Il faudrait que les frondeurs sortent du PS pour que le Front de gauche entame des discussions avec eux ?
Il n’est pas possible qu’ils discutent à la fois avec nous et avec ceux qui continuent à nous mettre la tête sous l’eau. Ils doivent être clairs : quand on est contre l’austérité, il faut s’opposer au collectif budgétaire de manière offensive. Par ailleurs, on ne va pas se plier à ce que demandent les Socialistes affligés ou Gauche avenir. Si on discute, c’est d’égal à égal. Le PS fait des appels du pied au PCF et aux Verts. Si le PCF accepte de se rassembler avec le PS, va-t-on vers la mort du Front de gauche ? Nous sommes en effet à un moment charnière. Pour toutes les composantes de la gauche, d’ailleurs. Au PCF, les choses ne sont pas tranchées : il y a beaucoup de débats et de positions variées au sein du parti. Moi, j’estime qu’on ne peut pas tirer les deux bouts quand les deux bouts s’écartent, que le PCF ne peut pas s’allier avec des gens qui mènent des politiques qu’il combat à nos côtés ! Je souhaite simplement rappeler au PCF qu’il appartient à un front commun qui s’appelle le Front de gauche, et que les votes des députés communistes sont absolument contradictoires avec ce que fait le PS.
Comment envisagez-vous la rentrée pour le Front de gauche ?

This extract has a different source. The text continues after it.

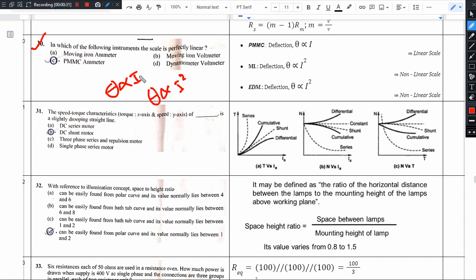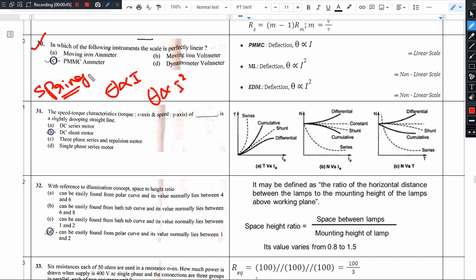In all these instruments, it is common to use spring control. If instead we use gravity control, the relations will change. As a general reference point, we assume spring control is used in all these instruments.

Outre l’université d’été d’Ensemble !, fin août, le conseil national du Front de gauche, le 6 septembre, et la Fête de l’Huma seront des moments forts pour discuter de l’avenir du mouvement. Cela nous fera du bien à tous d’avoir pris un peu de recul. Les militants, je crois, sont très attachés à l’union du Front de gauche, mais aussi à une certaine radicalité, à une ligne claire, précise, qui a fait sa force, et qu’il ne faut pas gâcher.